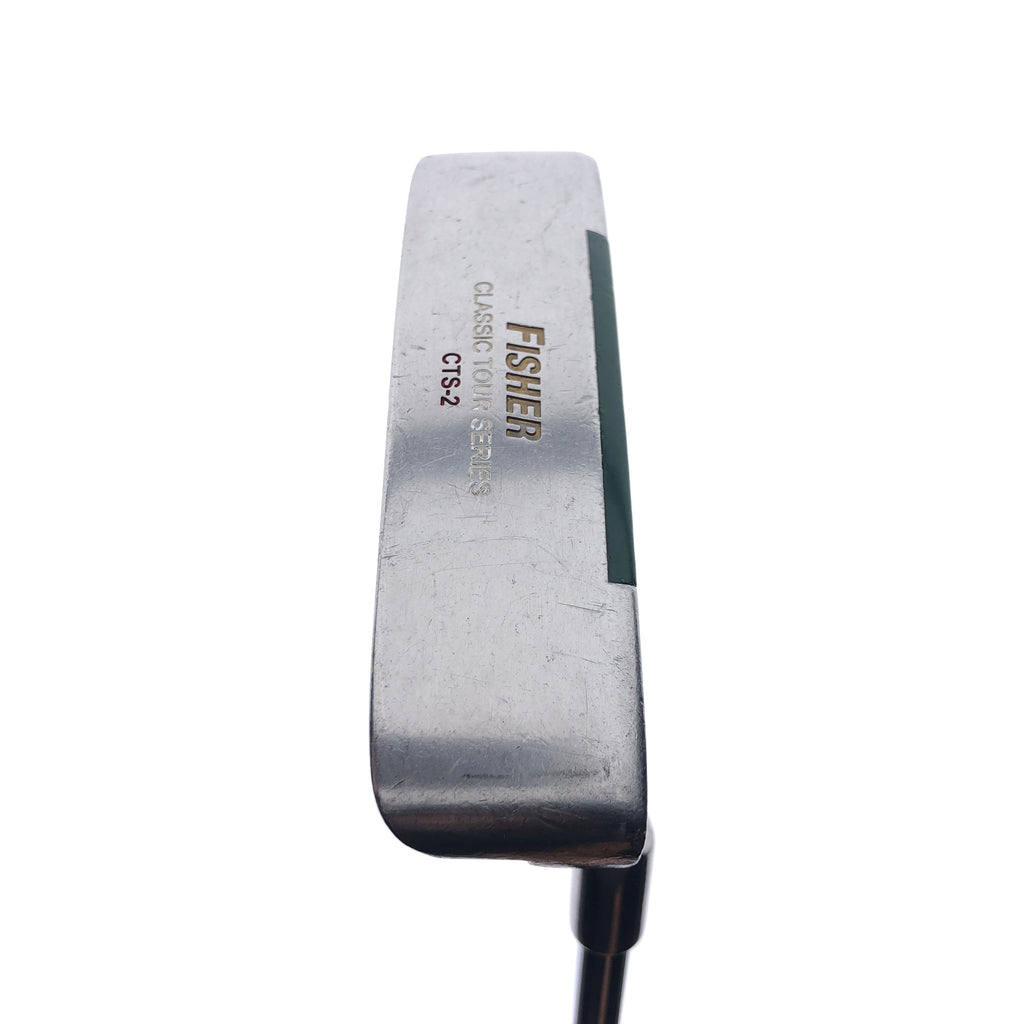 Used Fisher CTS-2 Putter / 34.00 Inches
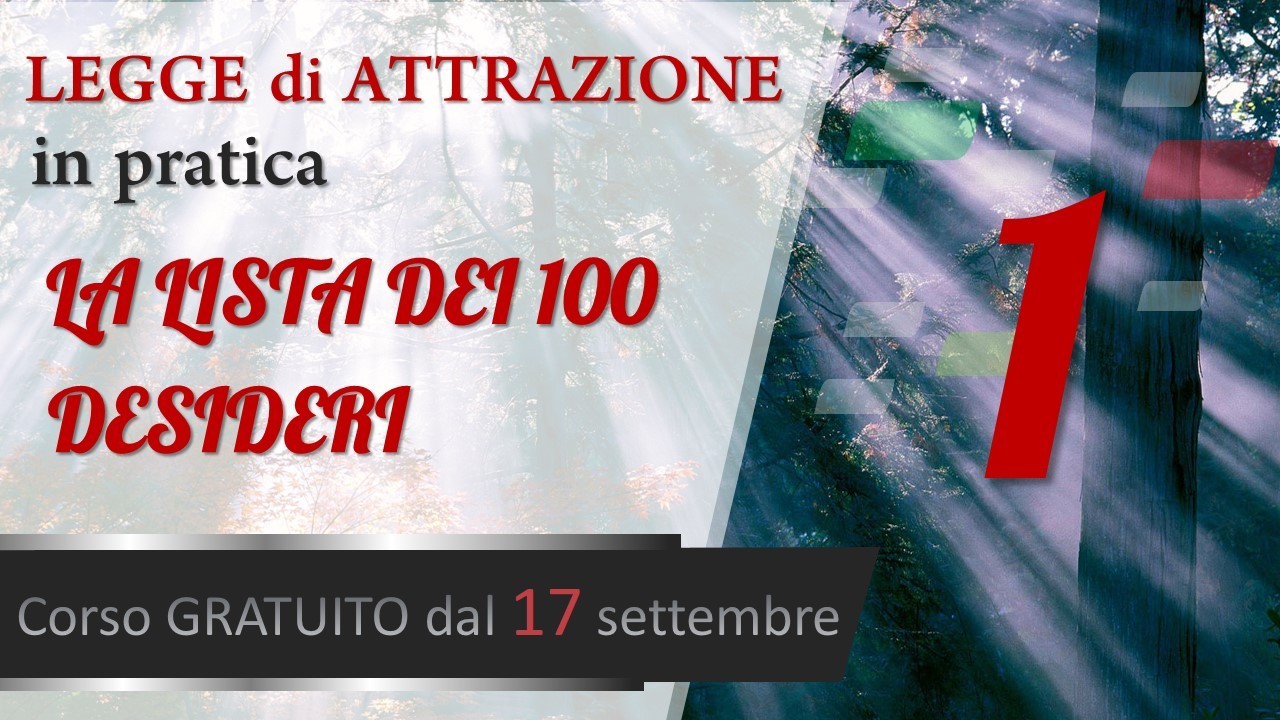 Come non sprecare un altro anno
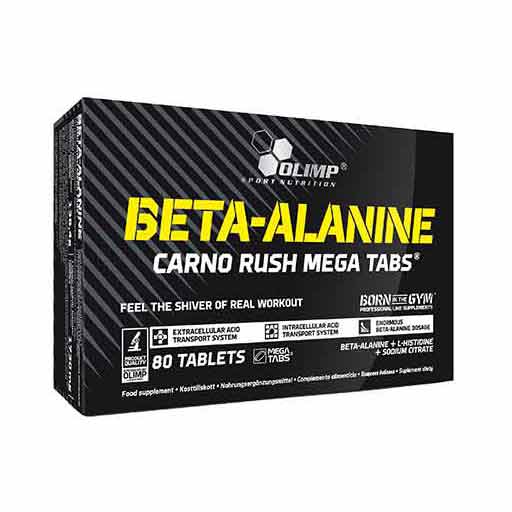 Beta Alanine Carno Rush Mega Tabs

____________

Work required:
The lines from the one containing "Come non sprecare un altro anno" to the end of the material must be output exactly, both ends included; no picture may appear.

Solution to the exercise:
 Come non sprecare un altro anno
 Beta Alanine Carno Rush Mega Tabs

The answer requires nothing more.